Try it:
Please reproduce the data below exactly, from the first line through the line containing "Vintage VINTAGE Koret", and leave every later line out.

Data provided:
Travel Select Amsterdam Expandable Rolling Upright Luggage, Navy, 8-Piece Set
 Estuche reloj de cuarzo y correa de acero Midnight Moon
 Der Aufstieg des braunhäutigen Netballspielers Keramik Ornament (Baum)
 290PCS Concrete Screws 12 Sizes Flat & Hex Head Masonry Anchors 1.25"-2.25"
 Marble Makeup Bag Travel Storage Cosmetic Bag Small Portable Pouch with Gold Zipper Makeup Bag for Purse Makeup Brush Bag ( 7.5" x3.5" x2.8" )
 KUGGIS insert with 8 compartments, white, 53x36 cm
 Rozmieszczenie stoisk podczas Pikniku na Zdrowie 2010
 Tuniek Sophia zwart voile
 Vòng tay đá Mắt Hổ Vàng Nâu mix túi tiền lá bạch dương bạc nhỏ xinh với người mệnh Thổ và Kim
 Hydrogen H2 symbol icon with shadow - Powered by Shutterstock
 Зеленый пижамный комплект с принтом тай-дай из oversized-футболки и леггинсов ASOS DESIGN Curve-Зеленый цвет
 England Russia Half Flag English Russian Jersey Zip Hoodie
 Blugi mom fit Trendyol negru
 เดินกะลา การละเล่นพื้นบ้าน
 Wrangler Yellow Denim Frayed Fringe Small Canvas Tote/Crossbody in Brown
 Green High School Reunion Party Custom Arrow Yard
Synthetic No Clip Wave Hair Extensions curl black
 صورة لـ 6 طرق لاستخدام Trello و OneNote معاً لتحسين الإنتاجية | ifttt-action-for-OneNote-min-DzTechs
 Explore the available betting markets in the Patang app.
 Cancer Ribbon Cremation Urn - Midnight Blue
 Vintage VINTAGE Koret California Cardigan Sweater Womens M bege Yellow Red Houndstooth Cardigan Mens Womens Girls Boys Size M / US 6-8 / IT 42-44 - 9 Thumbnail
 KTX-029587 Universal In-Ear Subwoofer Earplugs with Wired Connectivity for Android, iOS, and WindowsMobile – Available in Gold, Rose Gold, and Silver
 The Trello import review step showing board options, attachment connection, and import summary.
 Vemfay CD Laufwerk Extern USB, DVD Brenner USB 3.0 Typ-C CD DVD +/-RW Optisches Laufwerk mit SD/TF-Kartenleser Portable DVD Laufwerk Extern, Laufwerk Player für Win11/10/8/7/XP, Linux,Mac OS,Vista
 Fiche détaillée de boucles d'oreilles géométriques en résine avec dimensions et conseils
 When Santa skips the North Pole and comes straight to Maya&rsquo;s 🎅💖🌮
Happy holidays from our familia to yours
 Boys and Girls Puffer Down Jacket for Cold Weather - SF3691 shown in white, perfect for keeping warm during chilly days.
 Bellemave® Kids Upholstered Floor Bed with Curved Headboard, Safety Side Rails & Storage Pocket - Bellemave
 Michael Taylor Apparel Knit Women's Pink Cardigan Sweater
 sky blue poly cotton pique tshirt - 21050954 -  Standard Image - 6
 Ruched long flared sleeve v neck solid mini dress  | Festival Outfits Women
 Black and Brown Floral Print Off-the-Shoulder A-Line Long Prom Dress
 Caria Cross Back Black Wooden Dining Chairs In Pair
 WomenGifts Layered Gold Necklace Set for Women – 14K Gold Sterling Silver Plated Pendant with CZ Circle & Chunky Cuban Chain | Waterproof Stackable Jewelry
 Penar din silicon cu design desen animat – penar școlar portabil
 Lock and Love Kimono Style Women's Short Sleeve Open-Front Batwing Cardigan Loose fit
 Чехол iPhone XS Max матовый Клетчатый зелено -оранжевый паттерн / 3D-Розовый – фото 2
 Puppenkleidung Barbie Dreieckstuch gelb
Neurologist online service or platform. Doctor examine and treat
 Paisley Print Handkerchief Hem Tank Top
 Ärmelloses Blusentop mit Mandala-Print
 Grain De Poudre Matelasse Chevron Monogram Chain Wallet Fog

Result below:
Travel Select Amsterdam Expandable Rolling Upright Luggage, Navy, 8-Piece Set
 Estuche reloj de cuarzo y correa de acero Midnight Moon
 Der Aufstieg des braunhäutigen Netballspielers Keramik Ornament (Baum)
 290PCS Concrete Screws 12 Sizes Flat & Hex Head Masonry Anchors 1.25"-2.25"
 Marble Makeup Bag Travel Storage Cosmetic Bag Small Portable Pouch with Gold Zipper Makeup Bag for Purse Makeup Brush Bag ( 7.5" x3.5" x2.8" )
 KUGGIS insert with 8 compartments, white, 53x36 cm
 Rozmieszczenie stoisk podczas Pikniku na Zdrowie 2010
 Tuniek Sophia zwart voile
 Vòng tay đá Mắt Hổ Vàng Nâu mix túi tiền lá bạch dương bạc nhỏ xinh với người mệnh Thổ và Kim
 Hydrogen H2 symbol icon with shadow - Powered by Shutterstock
 Зеленый пижамный комплект с принтом тай-дай из oversized-футболки и леггинсов ASOS DESIGN Curve-Зеленый цвет
 England Russia Half Flag English Russian Jersey Zip Hoodie
 Blugi mom fit Trendyol negru
 เดินกะลา การละเล่นพื้นบ้าน
 Wrangler Yellow Denim Frayed Fringe Small Canvas Tote/Crossbody in Brown
 Green High School Reunion Party Custom Arrow Yard
Synthetic No Clip Wave Hair Extensions curl black
 صورة لـ 6 طرق لاستخدام Trello و OneNote معاً لتحسين الإنتاجية | ifttt-action-for-OneNote-min-DzTechs
 Explore the available betting markets in the Patang app.
 Cancer Ribbon Cremation Urn - Midnight Blue
 Vintage VINTAGE Koret California Cardigan Sweater Womens M bege Yellow Red Houndstooth Cardigan Mens Womens Girls Boys Size M / US 6-8 / IT 42-44 - 9 Thumbnail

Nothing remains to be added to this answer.